A stronger dollar hits corporate bond markets in emerging economies

Trump-fueled uncertainty adds to headaches for companies in Latin America, Asia

TOKYO The steep appreciation of the dollar since the U.S. presidential election is battering corporate bond markets in emerging economies.

The value of corporate bond issues plunged some 70% in November from a year earlier both in Southeast Asia and Latin America due to a steep increase in the cost of raising funds. With investors growing more loath to take risks, the flight of capital from emerging markets amounted to $24.2 billion in the month, a three-and-a-half-year high.

Latin American companies in November issued eight corporate bonds with a total value of $1.6 billion, down 71% from the same month a year earlier, according research house Dealogic. Issues were carried out as planned only by businesses with relatively stable operations, such as Banco Macro of Argentina and Banco Santander Chile.
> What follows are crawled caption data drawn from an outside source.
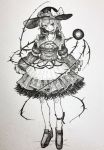  1girl absurdres adapted_costume bangs bow choker closed_mouth commentary_request flower full_body hat hat_bow highres komeiji_koishi looking_at_viewer mashimashi monochrome rose shoes short_hair sleeves_past_fingers smile solo standing third_eye thorns touhou traditional_media 
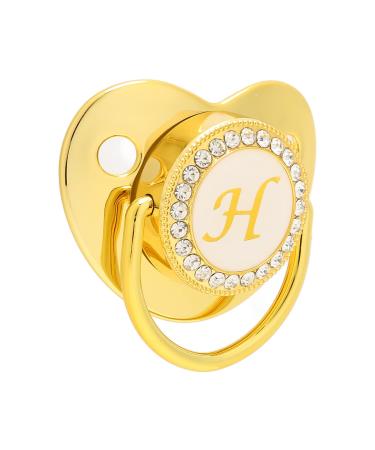 Golden baby pacifier curved design 26 letters safe materials healthy bling baby pacifier with clips for 6 to 18 months (h)
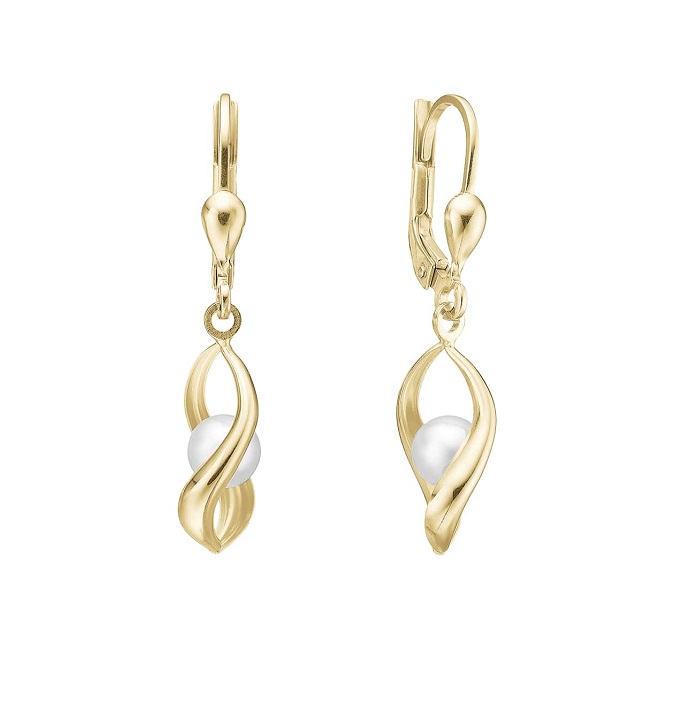 Aagaard - Øreringe 8 kt. guld med perler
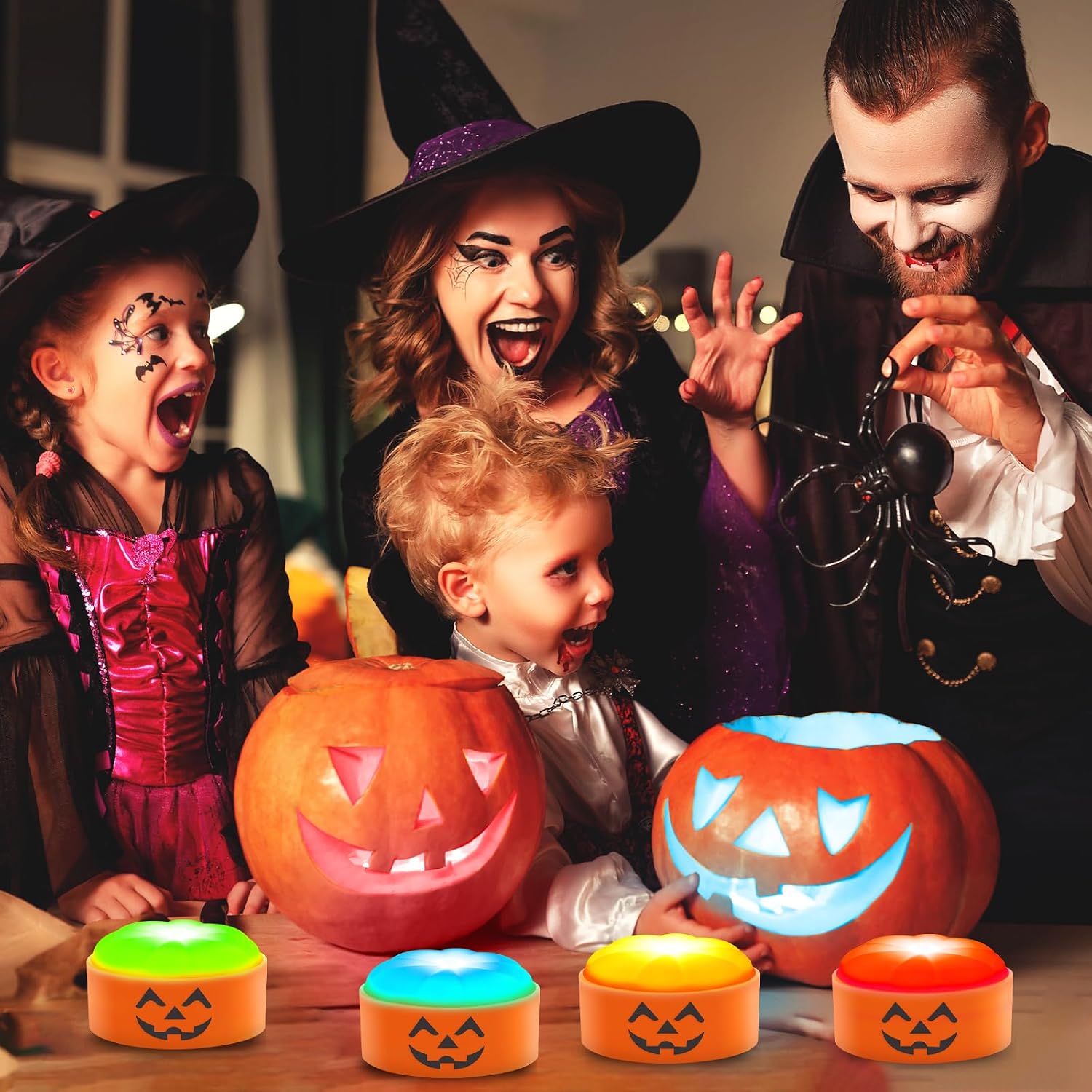 Gobesty Flameless LED Pumpkin Lights Remote Control 4-Piece Set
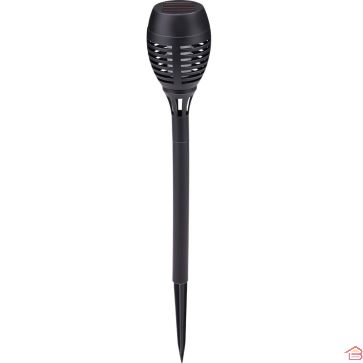 LAMPE SOLAIRE DE JARDIN EFFET FLAMME LED GRUNDIG EN PLASTIQUE RÉSISTANT 7,5 X 48 CM ÉCLAIRAGE EXTÉRIEUR COLORIS NOIR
Energy companies had been issuing bonds worth more than $1 billion in the first 10 months of the year. In November, however, only one floated a bond.

Latin American companies' issuance of corporate bonds -- which took a 14% year-on-year jump in the January-October period, to $76.9 billion -- is screeching to a halt.

More Asian companies are also holding off on floating bonds. Companies in Thailand, Indonesia and other Southeast Asian nations issued a total of $2.9 billion worth of bonds in November, down 65% from a year earlier.

In South Korea, casino operator Paradise has canceled a plan to issue a 100 billion won ($83.1 million) bond, citing higher interest rates. In the Middle East, the issuance of corporate bonds has contracted 18%.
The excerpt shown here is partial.